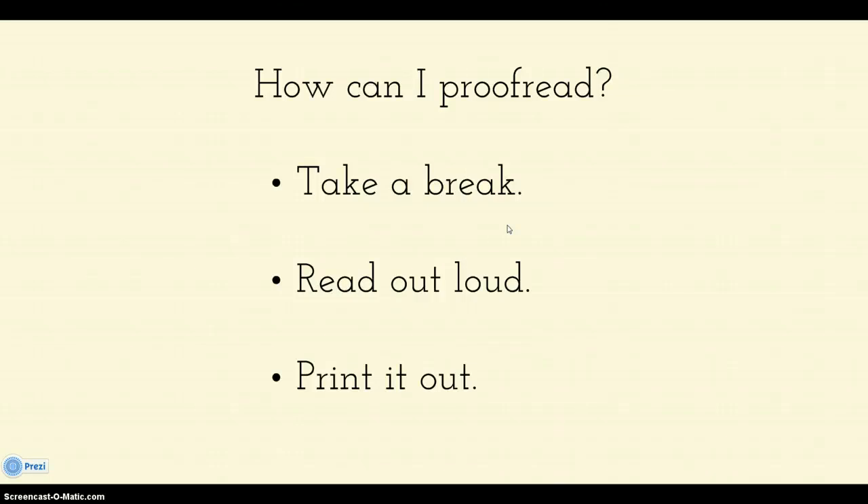The longer the break, the better off you're going to be, but I understand sometimes life doesn't work that way. Another thing you can do is read out loud. Reading your words out loud to someone else is great because you can watch their face and see if they start to look confused — that's usually a clue. Or just read it out loud to yourself, and normally you'll hear some of those errors. Or if you want to print out your paper and look at it with a pen in your hand, sometimes that will help you spot errors as well.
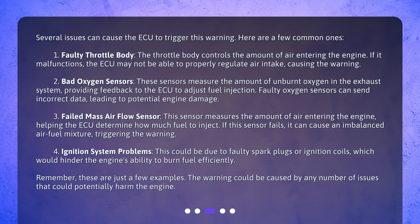Second, bad oxygen sensors. These sensors measure the amount of unburnt oxygen in the exhaust system, providing feedback to the ECU to adjust fuel injection. Faulty oxygen sensors can send incorrect data, leading to potential engine damage. Third, a failed mass air flow sensor. This sensor measures the amount of air entering the engine, helping the ECU determine how much fuel to inject. If this sensor fails, it can cause an imbalanced air-fuel mixture, triggering the warning.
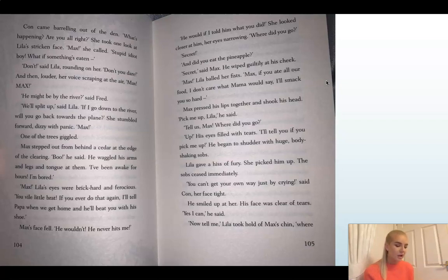Louder, her voice scraping at the air: 'Max! Max!' 'He might be by the river,' said Fred. 'We'll split up,' said Lila. 'If I go down to the river, will you go back towards the plain?' She stumbled forward, dizzy with panic: 'Max!' Then one of the trees giggled. Max stepped out behind a cedar at the edge of the clearing — that's a type of tree. 'Boo,' he said. He wagged his arms and legs and tongue at them, trying to trick them again. 'I've been awake for hours. I'm bored.'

Exercise
Apart from the pictures, every line of the material above is to be returned word for word.

Exercise solution
The longer the break, the better off you're going to be, but I understand sometimes life doesn't work that way. Another thing you can do is read out loud. Reading your words out loud to someone else is great because you can watch their face and see if they start to look confused — that's usually a clue. Or just read it out loud to yourself, and normally you'll hear some of those errors. Or if you want to print out your paper and look at it with a pen in your hand, sometimes that will help you spot errors as well.
Second, bad oxygen sensors. These sensors measure the amount of unburnt oxygen in the exhaust system, providing feedback to the ECU to adjust fuel injection. Faulty oxygen sensors can send incorrect data, leading to potential engine damage. Third, a failed mass air flow sensor. This sensor measures the amount of air entering the engine, helping the ECU determine how much fuel to inject. If this sensor fails, it can cause an imbalanced air-fuel mixture, triggering the warning.
Louder, her voice scraping at the air: 'Max! Max!' 'He might be by the river,' said Fred. 'We'll split up,' said Lila. 'If I go down to the river, will you go back towards the plain?' She stumbled forward, dizzy with panic: 'Max!' Then one of the trees giggled. Max stepped out behind a cedar at the edge of the clearing — that's a type of tree. 'Boo,' he said. He wagged his arms and legs and tongue at them, trying to trick them again. 'I've been awake for hours. I'm bored.'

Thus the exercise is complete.